I have a student. She’s a marvelous student (by every objective measure) who I have written about here before. She came to me as a third year student in another lab, steered to me by her thesis committee, …but ready to quit graduate school because she has a family. SERIOUSLY. This idea did not come out of thin air, it was TAUGHT to her. I have been trying to undo it.
But that’s not the reason for this post. I was struck by something that was said over at Mother of all Scientists– by a (no doubt) well meaning advisor(s) to a postdoc contemplating a career move away from academic science. You can (and should) go on over there and read the whole excellent post, but the upshot of what I want to talk about is here:
My bosses weren’t entirely unsupportive, but they used lots of ominous phrases like “terminate your postdoc” and “closing a door firmly on your future” and “a decision you’ll regret later”. I can understand their point of view, but to some extent it’s just the same kinds of threats that I’ve been hearing since I entered grad school. “If you leave, you can never come back.”
The head of my lab, Dr. DNA, really felt like leaving the bench would be a huge mistake. “You’re so early in your career” she said, “you’re so young.
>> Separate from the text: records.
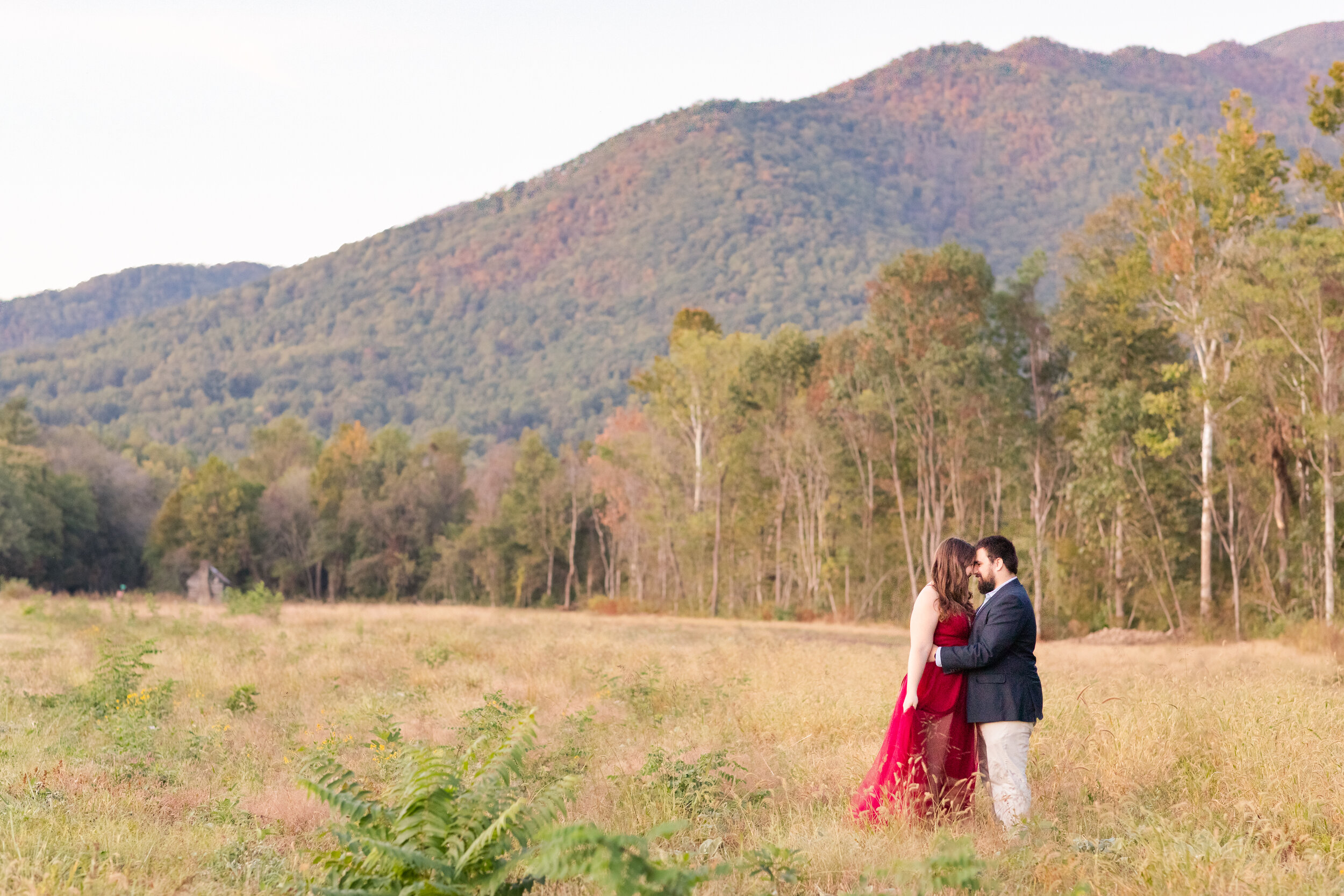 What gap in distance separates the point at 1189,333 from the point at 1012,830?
26165 millimetres

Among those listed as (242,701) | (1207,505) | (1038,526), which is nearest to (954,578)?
(242,701)

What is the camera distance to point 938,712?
6895 mm

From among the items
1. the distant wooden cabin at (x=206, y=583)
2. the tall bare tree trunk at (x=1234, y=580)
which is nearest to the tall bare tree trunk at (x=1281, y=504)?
the tall bare tree trunk at (x=1234, y=580)

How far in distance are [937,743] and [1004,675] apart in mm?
643

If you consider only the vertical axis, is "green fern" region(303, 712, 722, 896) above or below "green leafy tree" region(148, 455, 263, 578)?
below

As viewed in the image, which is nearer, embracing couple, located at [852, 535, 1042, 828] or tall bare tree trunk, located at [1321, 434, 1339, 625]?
embracing couple, located at [852, 535, 1042, 828]

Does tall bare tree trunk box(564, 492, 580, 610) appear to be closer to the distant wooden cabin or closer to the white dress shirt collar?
the distant wooden cabin

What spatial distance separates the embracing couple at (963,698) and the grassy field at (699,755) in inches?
10.8

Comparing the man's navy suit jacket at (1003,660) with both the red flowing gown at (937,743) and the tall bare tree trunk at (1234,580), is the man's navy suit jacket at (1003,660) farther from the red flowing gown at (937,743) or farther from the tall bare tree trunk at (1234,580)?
the tall bare tree trunk at (1234,580)

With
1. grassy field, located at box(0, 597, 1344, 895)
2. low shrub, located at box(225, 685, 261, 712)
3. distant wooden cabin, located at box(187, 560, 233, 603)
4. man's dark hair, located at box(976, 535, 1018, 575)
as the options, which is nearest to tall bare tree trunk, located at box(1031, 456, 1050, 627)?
grassy field, located at box(0, 597, 1344, 895)

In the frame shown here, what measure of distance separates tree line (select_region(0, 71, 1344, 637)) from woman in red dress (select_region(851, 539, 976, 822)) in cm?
1998

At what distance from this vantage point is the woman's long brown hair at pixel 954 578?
685cm

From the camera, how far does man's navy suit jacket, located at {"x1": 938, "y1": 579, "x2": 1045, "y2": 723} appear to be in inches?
259

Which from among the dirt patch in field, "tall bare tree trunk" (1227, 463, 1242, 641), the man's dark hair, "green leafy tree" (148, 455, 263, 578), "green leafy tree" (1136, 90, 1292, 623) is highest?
"green leafy tree" (1136, 90, 1292, 623) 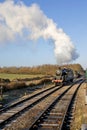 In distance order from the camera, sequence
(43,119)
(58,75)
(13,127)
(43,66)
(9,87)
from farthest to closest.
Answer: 1. (43,66)
2. (58,75)
3. (9,87)
4. (43,119)
5. (13,127)

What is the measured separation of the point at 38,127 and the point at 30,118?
8.73 feet

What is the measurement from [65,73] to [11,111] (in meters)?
33.0

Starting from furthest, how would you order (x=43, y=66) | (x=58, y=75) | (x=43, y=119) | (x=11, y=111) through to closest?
(x=43, y=66) < (x=58, y=75) < (x=11, y=111) < (x=43, y=119)

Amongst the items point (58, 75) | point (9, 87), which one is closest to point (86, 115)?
point (9, 87)

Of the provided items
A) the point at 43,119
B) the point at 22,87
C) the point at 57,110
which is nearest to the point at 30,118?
the point at 43,119

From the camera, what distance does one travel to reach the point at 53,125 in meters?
15.7

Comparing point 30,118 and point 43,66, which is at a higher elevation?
point 43,66

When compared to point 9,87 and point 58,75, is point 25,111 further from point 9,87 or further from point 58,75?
point 58,75

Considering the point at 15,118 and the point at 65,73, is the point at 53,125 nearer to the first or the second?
the point at 15,118

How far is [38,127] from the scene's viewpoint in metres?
15.1

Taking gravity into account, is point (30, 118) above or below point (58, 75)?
below

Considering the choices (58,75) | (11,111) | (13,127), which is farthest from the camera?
(58,75)

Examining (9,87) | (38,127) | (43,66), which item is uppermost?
(43,66)

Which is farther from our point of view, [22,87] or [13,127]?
[22,87] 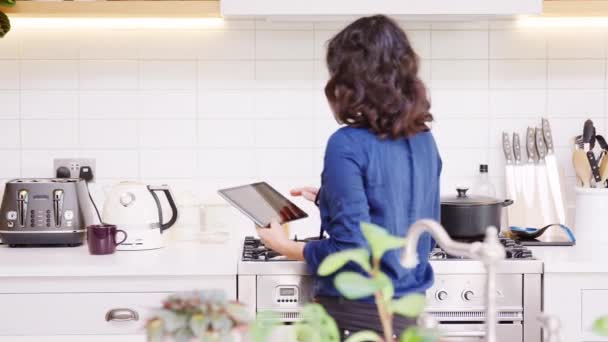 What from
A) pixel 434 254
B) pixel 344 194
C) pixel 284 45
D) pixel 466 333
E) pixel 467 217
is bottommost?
pixel 466 333

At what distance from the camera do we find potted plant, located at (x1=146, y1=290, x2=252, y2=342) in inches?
38.6

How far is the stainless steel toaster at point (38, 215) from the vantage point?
2.63 metres

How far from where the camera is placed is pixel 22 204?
8.64 ft

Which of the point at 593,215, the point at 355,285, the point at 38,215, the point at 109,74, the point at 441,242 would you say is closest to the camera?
the point at 355,285

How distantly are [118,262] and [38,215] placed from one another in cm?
39

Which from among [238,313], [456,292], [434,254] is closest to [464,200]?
[434,254]

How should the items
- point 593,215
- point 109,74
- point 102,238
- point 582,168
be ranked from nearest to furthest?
point 102,238, point 593,215, point 582,168, point 109,74

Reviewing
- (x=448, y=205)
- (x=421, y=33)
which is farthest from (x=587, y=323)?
(x=421, y=33)

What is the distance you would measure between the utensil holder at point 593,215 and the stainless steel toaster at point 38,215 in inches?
64.2

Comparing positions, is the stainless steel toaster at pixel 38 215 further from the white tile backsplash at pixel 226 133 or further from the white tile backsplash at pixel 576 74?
the white tile backsplash at pixel 576 74

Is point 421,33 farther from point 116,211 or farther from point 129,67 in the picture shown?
point 116,211

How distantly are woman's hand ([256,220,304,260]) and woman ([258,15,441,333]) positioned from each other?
9.0 inches

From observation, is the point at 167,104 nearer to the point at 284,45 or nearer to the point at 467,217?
the point at 284,45

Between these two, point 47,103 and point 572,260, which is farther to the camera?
point 47,103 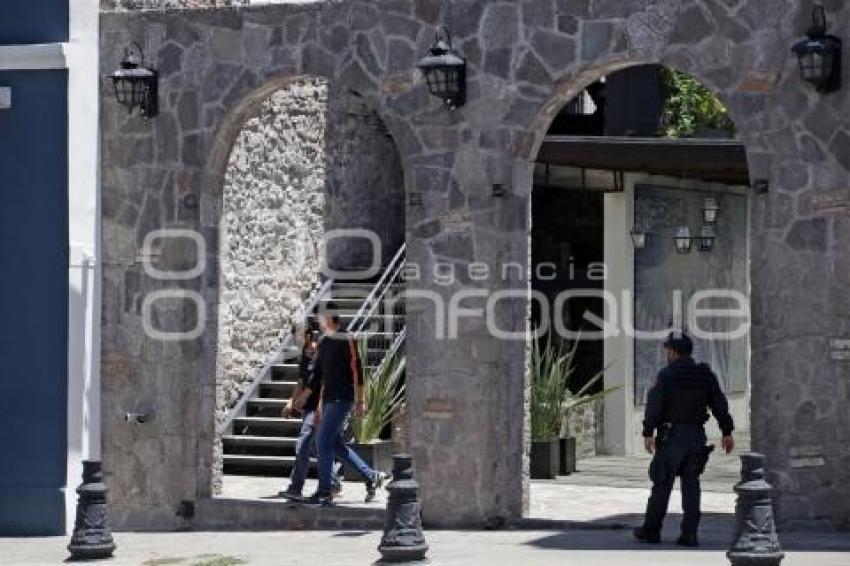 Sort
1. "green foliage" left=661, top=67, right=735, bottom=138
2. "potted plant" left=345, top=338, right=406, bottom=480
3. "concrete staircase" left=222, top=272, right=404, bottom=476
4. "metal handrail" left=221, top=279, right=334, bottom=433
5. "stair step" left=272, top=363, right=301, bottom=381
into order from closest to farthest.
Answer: "potted plant" left=345, top=338, right=406, bottom=480, "concrete staircase" left=222, top=272, right=404, bottom=476, "metal handrail" left=221, top=279, right=334, bottom=433, "stair step" left=272, top=363, right=301, bottom=381, "green foliage" left=661, top=67, right=735, bottom=138

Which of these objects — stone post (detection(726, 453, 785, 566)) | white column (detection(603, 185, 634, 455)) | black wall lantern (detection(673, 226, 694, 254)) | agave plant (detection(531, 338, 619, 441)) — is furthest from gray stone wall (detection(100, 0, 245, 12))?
stone post (detection(726, 453, 785, 566))

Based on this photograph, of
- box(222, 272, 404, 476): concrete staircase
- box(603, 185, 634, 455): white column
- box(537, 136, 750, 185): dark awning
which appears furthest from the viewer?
box(603, 185, 634, 455): white column

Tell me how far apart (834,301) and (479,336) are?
3.14 m

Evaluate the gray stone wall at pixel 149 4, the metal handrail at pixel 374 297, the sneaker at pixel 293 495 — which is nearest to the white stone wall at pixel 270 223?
the metal handrail at pixel 374 297

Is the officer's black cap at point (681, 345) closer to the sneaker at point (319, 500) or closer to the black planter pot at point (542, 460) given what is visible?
the sneaker at point (319, 500)

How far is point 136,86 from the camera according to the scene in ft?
59.6

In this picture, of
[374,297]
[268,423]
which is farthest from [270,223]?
[268,423]

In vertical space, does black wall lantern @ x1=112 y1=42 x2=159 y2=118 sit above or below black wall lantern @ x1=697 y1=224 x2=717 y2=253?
above

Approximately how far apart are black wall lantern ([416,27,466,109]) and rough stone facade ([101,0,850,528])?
0.17 metres

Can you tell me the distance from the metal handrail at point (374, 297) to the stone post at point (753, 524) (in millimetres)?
9421

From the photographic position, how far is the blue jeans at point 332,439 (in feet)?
56.2

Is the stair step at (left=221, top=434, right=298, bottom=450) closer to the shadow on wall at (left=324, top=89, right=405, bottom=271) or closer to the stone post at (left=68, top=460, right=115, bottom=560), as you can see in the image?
the shadow on wall at (left=324, top=89, right=405, bottom=271)

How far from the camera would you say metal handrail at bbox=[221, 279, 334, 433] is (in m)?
21.3

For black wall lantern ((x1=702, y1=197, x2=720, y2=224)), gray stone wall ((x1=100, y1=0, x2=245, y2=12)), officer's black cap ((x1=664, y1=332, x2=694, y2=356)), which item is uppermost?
gray stone wall ((x1=100, y1=0, x2=245, y2=12)) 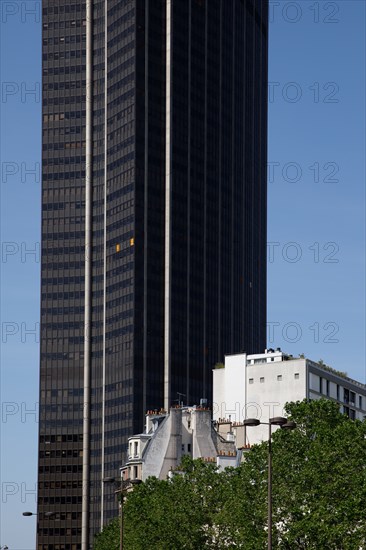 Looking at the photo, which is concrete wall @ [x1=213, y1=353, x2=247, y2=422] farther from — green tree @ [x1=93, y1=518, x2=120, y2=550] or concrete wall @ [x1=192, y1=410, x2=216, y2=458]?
green tree @ [x1=93, y1=518, x2=120, y2=550]

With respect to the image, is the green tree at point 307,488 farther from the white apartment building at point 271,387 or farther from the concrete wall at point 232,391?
the concrete wall at point 232,391

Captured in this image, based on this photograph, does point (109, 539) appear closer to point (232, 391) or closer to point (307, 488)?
point (232, 391)

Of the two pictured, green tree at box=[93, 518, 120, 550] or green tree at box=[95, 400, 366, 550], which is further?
green tree at box=[93, 518, 120, 550]

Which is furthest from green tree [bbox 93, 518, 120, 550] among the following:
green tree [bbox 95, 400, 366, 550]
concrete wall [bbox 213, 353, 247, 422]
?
concrete wall [bbox 213, 353, 247, 422]

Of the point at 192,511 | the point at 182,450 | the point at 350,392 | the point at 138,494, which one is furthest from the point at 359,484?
the point at 350,392

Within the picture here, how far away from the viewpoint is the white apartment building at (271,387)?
182875 millimetres

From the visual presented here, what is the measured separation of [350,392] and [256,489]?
94489 mm

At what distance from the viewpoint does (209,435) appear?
179 m

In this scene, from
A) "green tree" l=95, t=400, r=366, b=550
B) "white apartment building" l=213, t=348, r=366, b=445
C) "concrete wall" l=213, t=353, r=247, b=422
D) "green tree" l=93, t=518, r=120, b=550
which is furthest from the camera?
"concrete wall" l=213, t=353, r=247, b=422

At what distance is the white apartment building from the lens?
18288cm

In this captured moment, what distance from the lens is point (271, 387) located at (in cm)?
18600

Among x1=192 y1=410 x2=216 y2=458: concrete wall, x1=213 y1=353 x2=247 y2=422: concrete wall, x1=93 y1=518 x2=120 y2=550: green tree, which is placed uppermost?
x1=213 y1=353 x2=247 y2=422: concrete wall

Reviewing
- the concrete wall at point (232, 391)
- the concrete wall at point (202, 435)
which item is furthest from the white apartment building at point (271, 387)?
the concrete wall at point (202, 435)

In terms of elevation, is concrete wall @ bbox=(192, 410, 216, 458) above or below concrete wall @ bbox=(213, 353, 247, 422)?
below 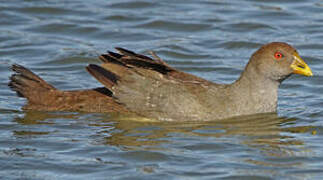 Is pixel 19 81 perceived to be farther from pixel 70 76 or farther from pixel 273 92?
pixel 273 92

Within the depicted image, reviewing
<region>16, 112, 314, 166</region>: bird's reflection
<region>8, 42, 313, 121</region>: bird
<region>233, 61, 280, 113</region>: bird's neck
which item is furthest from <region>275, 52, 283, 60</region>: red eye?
<region>16, 112, 314, 166</region>: bird's reflection

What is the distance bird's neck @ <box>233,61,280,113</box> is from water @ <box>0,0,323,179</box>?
0.19 metres

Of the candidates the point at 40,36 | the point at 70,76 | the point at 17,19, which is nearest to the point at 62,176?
the point at 70,76

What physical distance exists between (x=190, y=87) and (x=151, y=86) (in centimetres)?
54

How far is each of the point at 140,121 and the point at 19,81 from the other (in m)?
1.91

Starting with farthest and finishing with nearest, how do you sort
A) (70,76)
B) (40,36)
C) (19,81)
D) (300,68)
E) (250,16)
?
(250,16)
(40,36)
(70,76)
(19,81)
(300,68)

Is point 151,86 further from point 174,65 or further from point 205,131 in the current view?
point 174,65

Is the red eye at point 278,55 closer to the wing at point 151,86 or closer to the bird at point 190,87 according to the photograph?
the bird at point 190,87

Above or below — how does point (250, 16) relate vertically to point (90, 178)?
above

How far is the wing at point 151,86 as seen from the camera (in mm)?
10758

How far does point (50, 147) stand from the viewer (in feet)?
32.7

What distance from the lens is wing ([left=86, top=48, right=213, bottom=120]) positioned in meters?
10.8

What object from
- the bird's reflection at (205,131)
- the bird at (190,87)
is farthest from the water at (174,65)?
the bird at (190,87)

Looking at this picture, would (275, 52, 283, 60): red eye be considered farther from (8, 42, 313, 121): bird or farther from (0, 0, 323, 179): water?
(0, 0, 323, 179): water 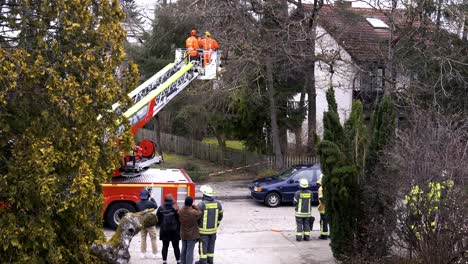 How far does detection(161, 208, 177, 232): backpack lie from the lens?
412 inches

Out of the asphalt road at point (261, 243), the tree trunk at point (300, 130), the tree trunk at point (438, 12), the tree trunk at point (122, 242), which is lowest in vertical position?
the asphalt road at point (261, 243)

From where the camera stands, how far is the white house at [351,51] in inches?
847

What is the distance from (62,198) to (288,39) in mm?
14418

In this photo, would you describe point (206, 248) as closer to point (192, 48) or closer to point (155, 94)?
point (155, 94)

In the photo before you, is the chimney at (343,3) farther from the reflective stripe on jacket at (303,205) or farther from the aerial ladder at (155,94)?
the reflective stripe on jacket at (303,205)

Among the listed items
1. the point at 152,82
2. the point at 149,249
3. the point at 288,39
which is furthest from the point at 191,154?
the point at 149,249

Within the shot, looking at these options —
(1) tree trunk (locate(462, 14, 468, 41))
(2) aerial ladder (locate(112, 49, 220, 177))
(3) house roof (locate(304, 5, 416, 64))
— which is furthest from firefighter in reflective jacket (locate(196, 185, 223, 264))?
(1) tree trunk (locate(462, 14, 468, 41))

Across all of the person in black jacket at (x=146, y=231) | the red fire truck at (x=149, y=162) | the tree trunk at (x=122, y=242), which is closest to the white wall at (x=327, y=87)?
the red fire truck at (x=149, y=162)

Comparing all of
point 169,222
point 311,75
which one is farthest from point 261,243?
point 311,75

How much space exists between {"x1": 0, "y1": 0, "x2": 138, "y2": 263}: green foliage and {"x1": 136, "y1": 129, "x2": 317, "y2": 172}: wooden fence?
1714 cm

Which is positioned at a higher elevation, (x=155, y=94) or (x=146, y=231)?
(x=155, y=94)

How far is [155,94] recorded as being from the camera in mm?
14117

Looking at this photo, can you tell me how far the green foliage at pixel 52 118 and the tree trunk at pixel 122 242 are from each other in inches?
54.2

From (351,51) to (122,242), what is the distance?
1886 cm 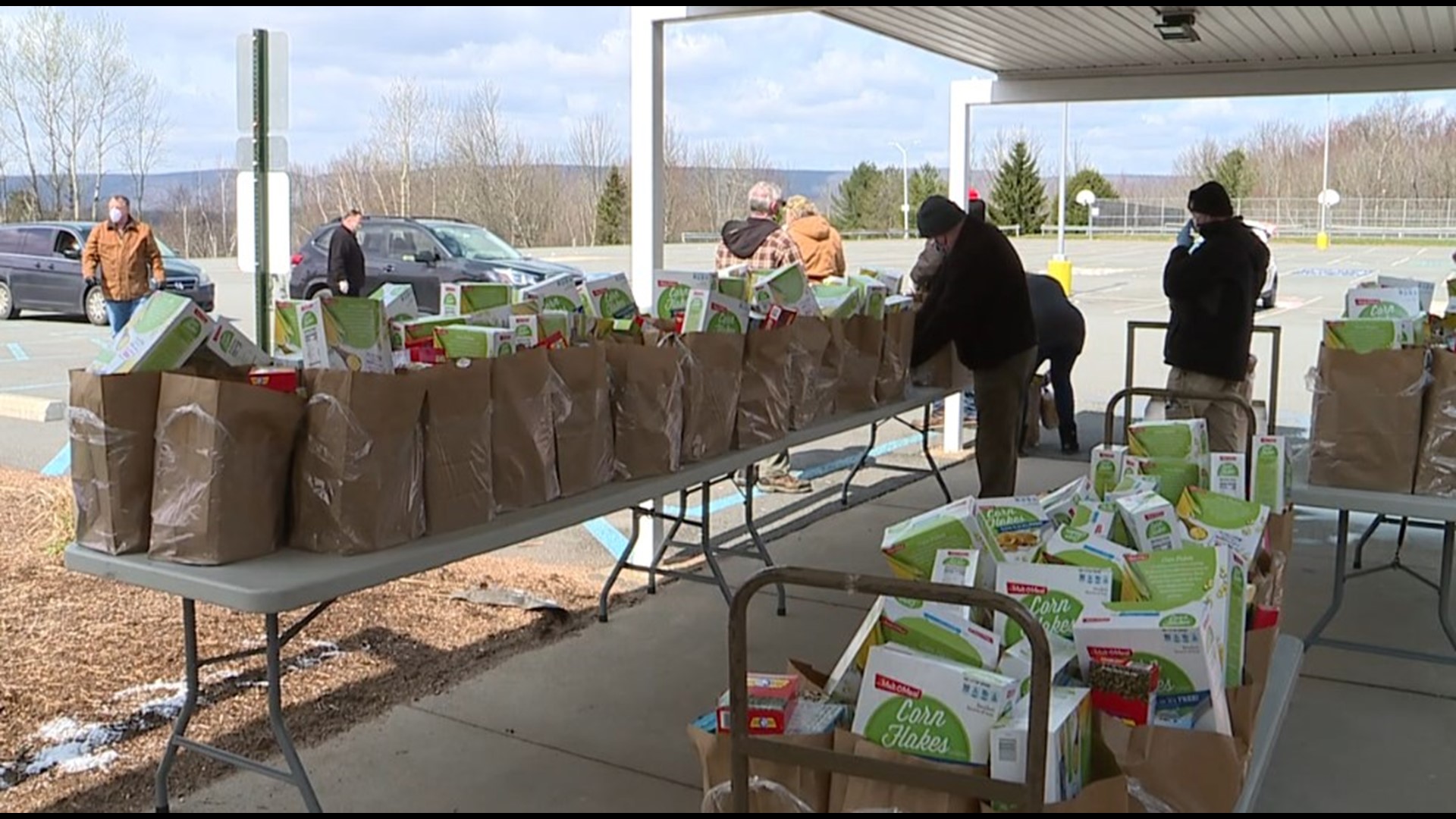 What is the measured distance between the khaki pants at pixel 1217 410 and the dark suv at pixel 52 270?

You don’t know what you want yet.” She felt like it was motherhood that was simply distracting me from my work and making me feel like it wasn’t any fun. “You just have to find a way to make it work,” she said.
Ok maybe it’s all in the framing…but golly. These well-meaning people are all obviously trying to convince a person that they think has real potential to stick with academia. But there’s a problem here… can you see it?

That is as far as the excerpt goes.